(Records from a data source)
——

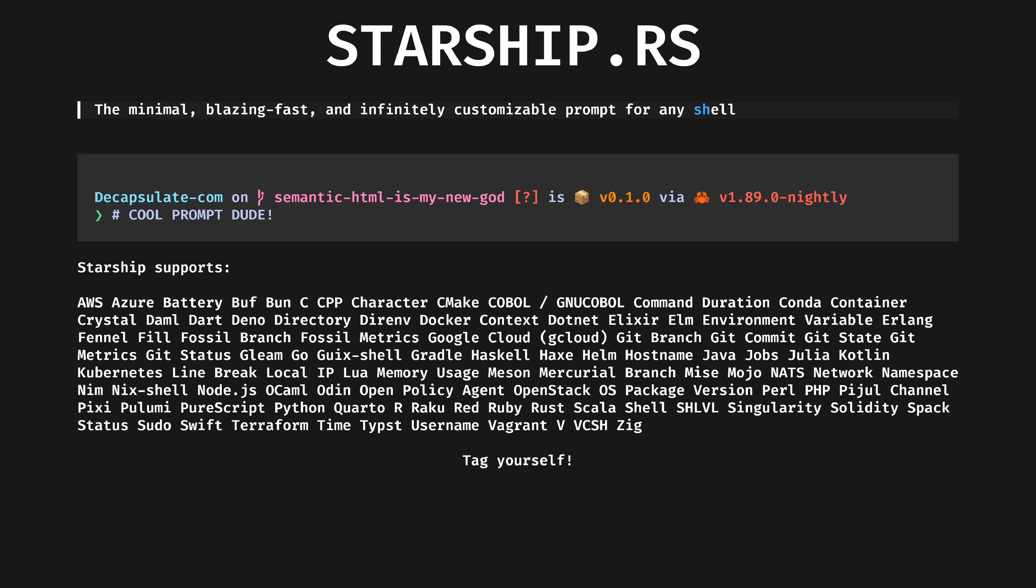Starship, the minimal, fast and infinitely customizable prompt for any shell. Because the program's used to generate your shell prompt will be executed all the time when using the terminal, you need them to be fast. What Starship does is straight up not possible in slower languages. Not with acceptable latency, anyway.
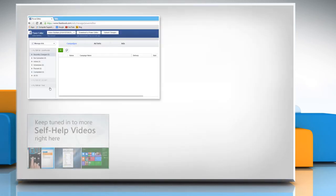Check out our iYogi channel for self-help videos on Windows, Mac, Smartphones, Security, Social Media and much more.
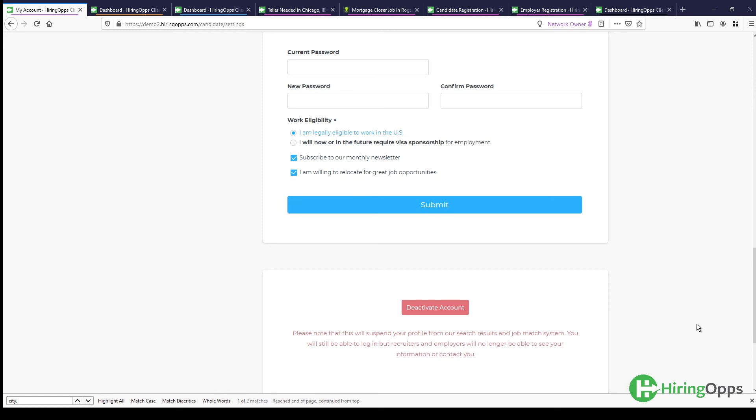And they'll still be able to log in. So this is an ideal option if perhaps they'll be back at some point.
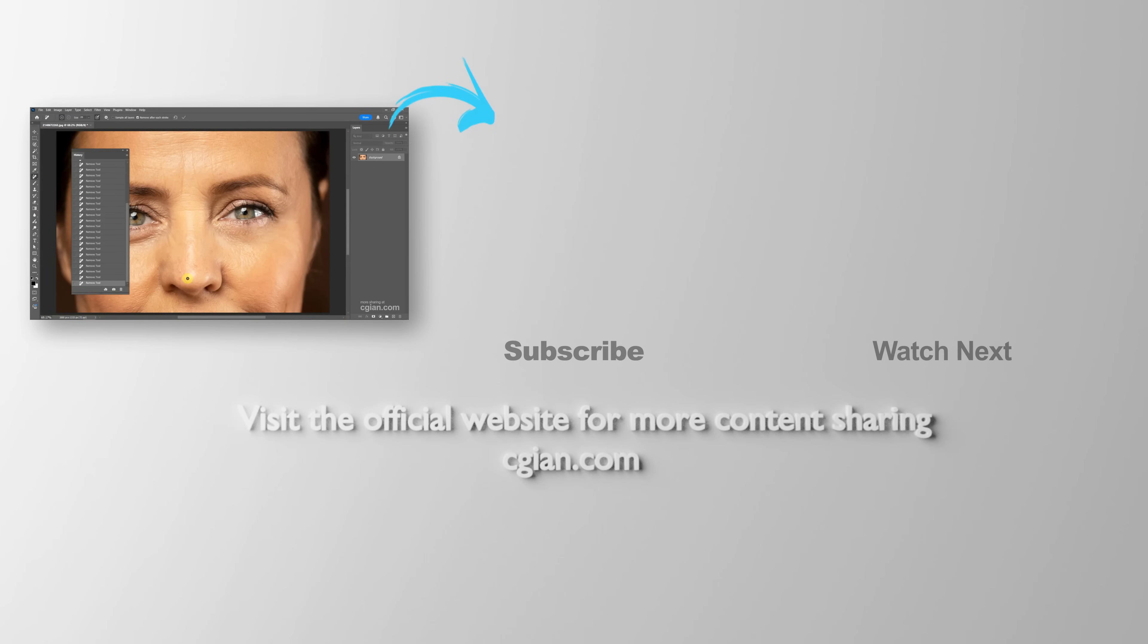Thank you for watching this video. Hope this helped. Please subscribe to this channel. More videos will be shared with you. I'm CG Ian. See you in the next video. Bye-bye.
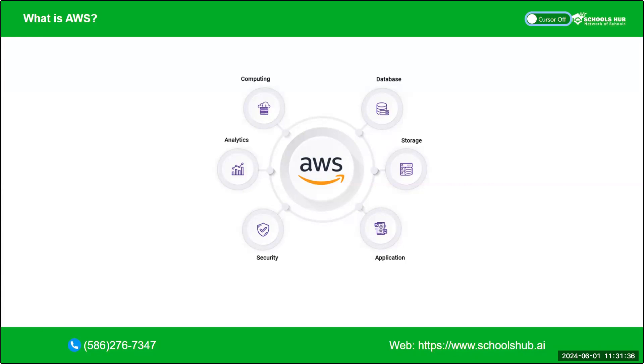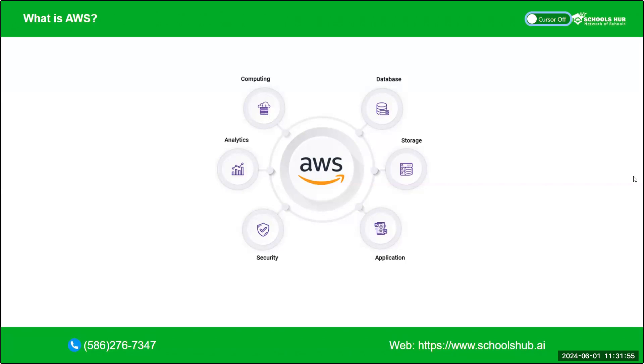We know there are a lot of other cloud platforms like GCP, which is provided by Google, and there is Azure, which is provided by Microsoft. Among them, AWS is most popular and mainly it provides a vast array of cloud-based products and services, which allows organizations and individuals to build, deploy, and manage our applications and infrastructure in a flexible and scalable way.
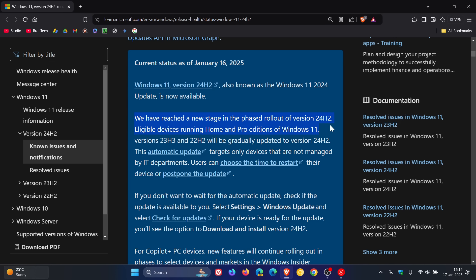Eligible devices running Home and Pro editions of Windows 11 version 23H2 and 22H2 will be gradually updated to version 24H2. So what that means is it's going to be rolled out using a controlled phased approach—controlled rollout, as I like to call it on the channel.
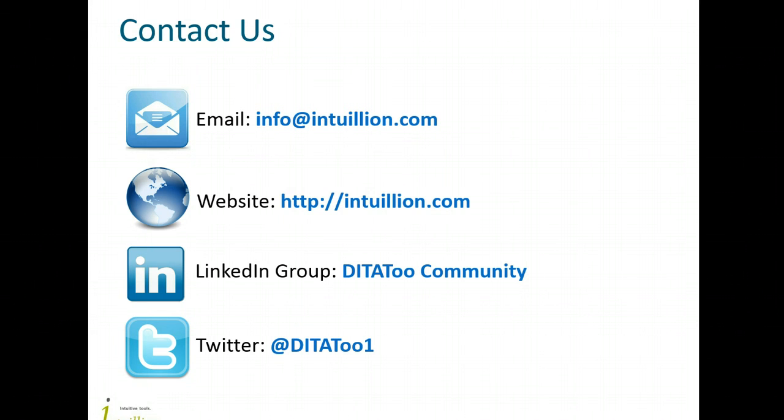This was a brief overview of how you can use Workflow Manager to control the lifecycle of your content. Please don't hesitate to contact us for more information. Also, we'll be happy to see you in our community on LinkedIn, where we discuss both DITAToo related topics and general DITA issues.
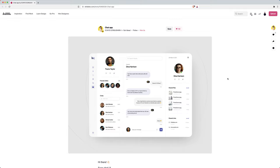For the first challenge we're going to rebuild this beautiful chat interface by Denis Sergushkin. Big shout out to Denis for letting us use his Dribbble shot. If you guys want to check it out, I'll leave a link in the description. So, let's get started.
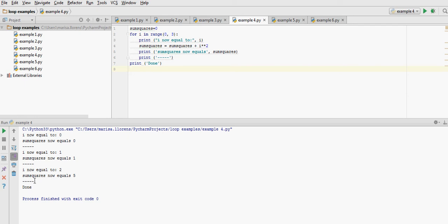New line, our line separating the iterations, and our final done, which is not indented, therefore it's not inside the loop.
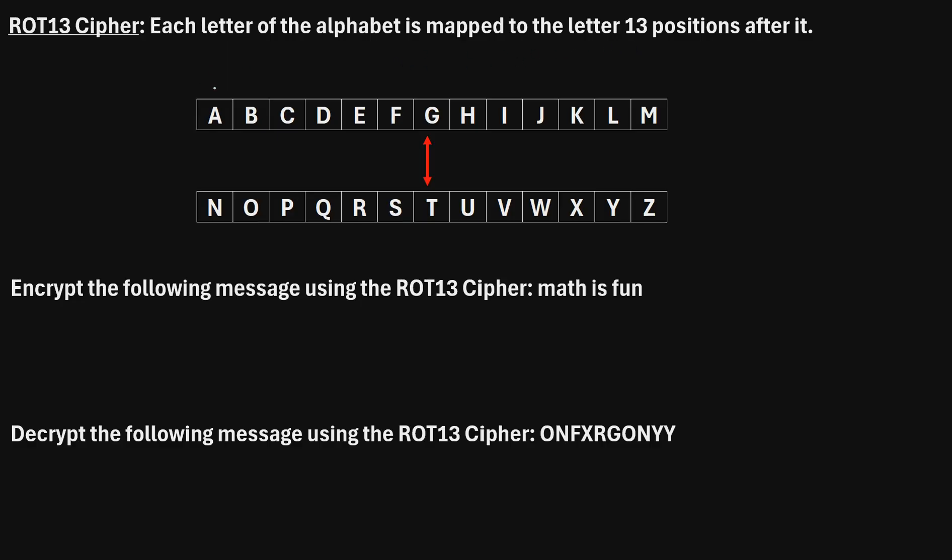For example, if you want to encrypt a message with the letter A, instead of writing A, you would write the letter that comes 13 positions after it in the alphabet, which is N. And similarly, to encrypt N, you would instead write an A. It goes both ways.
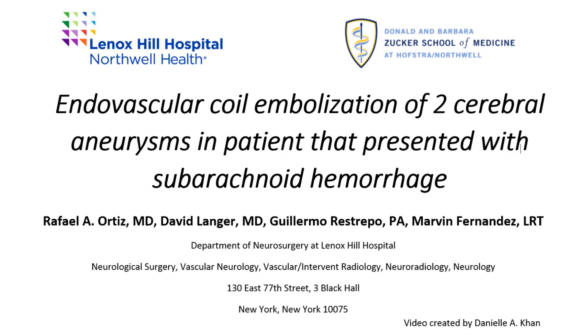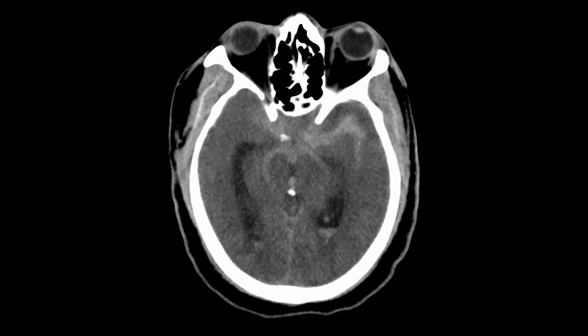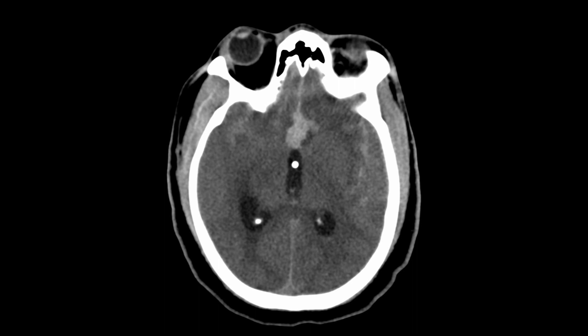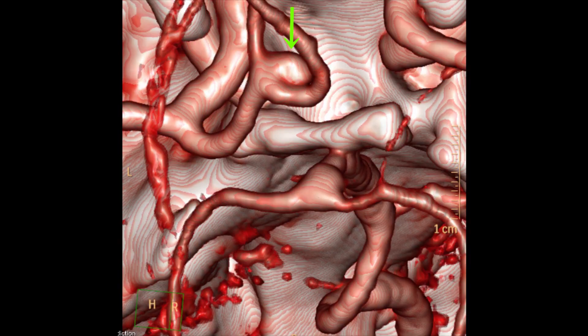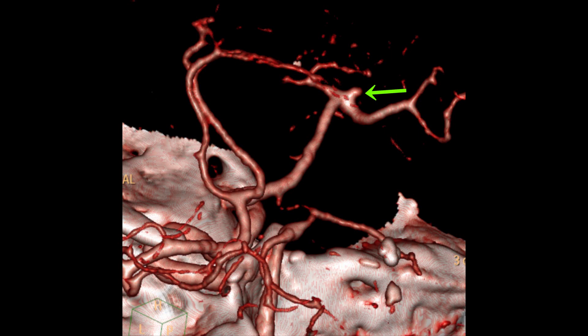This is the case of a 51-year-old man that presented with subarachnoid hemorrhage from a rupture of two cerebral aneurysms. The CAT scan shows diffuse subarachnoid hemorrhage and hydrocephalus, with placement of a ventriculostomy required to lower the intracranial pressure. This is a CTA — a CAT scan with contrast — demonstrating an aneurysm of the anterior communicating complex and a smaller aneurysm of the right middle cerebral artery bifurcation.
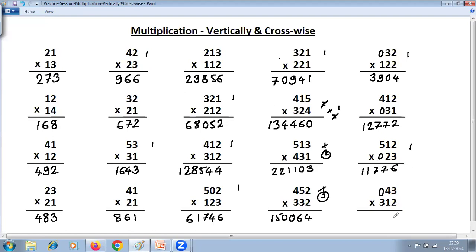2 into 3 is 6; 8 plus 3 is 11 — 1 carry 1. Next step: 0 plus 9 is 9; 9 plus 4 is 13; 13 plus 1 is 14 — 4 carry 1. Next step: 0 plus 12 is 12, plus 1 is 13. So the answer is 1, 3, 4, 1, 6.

——

__What you should do__.
"Check out our" marks the first line to copy, and "And they'll still" marks the last. Repeat that stretch above exactly, with no pictures.

__Written solution__.
Check out our iYogi channel for self-help videos on Windows, Mac, Smartphones, Security, Social Media and much more.
And they'll still be able to log in. So this is an ideal option if perhaps they'll be back at some point.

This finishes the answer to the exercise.